Abstract: While differentiable control has emerged as a powerful paradigm combining model-free flexibility with model-based efficiency, the iterative Linear Quadratic Regulator (iLQR) remains underexplored as a differentiable component. The scalability of differentiating through extended iterations and horizons poses significant challenges, hindering iLQR from being an effective differentiable controller. This paper introduces DiLQR, a framework that facilitates differentiation through iLQR, allowing it to serve as a trainable and differentiable module, either as or within a neural network. A novel aspect of this framework is the analytical solution that it provides for the gradient of an iLQR controller through implicit differentiation, which ensures a constant backward cost regardless of iteration, while producing an accurate gradient. We evaluate our framework on imitation tasks on famous control benchmarks.
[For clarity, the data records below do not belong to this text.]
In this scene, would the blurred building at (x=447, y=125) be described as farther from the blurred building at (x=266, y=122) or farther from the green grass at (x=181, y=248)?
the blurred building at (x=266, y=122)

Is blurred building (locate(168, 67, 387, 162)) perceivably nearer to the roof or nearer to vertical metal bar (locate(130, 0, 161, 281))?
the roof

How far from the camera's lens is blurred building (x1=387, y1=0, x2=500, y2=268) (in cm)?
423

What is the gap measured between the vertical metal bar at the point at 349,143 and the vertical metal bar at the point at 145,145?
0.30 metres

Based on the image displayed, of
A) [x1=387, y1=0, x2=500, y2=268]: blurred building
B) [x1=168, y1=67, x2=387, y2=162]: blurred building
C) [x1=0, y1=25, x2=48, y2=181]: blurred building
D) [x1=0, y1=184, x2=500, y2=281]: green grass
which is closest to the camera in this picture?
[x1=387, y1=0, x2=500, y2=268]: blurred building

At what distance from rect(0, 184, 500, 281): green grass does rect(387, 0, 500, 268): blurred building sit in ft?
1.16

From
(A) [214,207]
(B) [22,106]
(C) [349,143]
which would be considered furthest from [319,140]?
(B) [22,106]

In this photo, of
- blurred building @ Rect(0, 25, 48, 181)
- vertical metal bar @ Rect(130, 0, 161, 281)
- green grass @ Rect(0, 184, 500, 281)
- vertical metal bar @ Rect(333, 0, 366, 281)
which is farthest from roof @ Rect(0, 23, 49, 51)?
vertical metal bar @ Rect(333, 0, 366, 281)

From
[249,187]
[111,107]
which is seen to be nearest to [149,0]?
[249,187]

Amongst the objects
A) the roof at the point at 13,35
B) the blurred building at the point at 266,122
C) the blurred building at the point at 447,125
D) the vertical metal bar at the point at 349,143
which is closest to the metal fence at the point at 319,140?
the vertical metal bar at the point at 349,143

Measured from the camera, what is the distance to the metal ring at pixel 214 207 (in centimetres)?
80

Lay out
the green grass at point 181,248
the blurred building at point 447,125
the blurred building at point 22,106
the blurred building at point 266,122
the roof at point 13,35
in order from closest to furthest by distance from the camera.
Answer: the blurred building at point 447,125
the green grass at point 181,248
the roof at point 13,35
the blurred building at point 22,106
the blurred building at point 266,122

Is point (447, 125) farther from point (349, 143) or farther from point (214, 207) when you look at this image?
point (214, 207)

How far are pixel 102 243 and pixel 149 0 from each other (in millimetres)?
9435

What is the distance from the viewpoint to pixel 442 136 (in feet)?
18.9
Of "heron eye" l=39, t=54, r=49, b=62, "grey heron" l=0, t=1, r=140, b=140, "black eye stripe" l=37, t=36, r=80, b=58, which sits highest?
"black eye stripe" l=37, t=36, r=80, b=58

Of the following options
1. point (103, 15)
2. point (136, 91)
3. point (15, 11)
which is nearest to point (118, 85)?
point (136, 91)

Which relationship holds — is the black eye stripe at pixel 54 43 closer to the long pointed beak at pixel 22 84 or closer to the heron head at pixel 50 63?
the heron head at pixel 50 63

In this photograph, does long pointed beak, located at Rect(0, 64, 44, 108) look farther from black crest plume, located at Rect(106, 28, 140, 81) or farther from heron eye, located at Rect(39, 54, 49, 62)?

Our analytical method demonstrates superior computational performance, achieving up to $\textbf{128x}$ speedup and a minimum of $\textbf{21x}$ speedup compared to automatic differentiation. Our method also demonstrates superior learning performance ($\mathbf{10^6x}$) compared to traditional neural network policies and better model loss with differentiable controllers that lack exact analytical gradients. Furthermore, we integrate our module into a larger network with visual inputs to demonstrate the capacity of our method for high-dimensional, fully end-to-end tasks. Codes can be found on the project homepage~\url{https://sites.google.com/view/dilqr/}.

Lay Summary:

Robots and autonomous systems often rely on controllers to make decisions, but combining these controllers with modern AI (like neural networks) is challenging because they aren’t designed to be "trainable" like other machine learning components. Our work, DiLQR, bridges this gap by making a powerful controller called iLQR compatible with AI training methods. Unlike standard approaches that are slow or inaccurate, DiLQR computes gradients (essential for training) efficiently and exactly, enabling up to 128x faster learning. We show that DiLQR outperforms both traditional controllers and neural networks in tasks like pendulum and cartpole control. This opens doors for more adaptable and efficient AI-driven control systems.